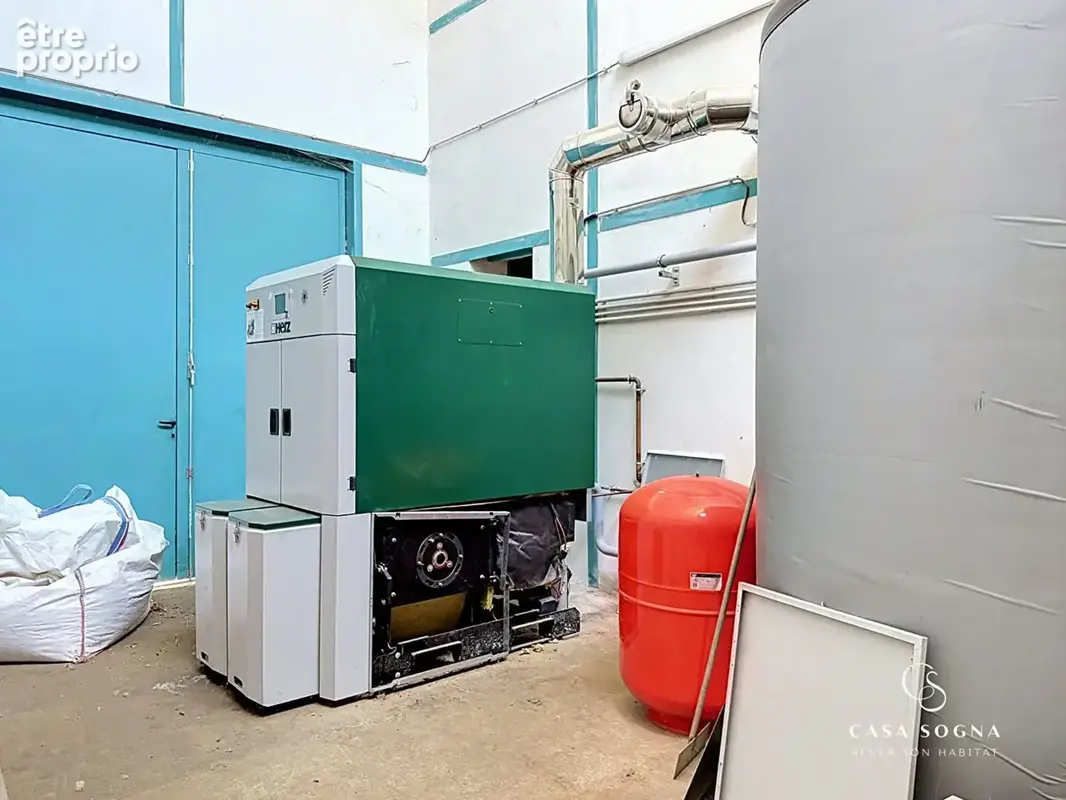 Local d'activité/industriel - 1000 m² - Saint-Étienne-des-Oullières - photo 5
==
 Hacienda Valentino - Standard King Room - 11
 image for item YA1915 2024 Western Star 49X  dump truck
...
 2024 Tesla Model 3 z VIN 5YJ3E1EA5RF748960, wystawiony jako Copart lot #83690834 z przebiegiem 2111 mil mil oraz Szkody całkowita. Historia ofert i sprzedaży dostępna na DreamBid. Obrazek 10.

**WORK ITEM:** Which lines above run from the one containing "Hacienda Valentino - Standard King Room - 11" to the one containing "image for item"? Give them again exactly, both ends included.

**OUTPUT FOR THIS EXERCISE:**
 Hacienda Valentino - Standard King Room - 11
 image for item YA1915 2024 Western Star 49X  dump truck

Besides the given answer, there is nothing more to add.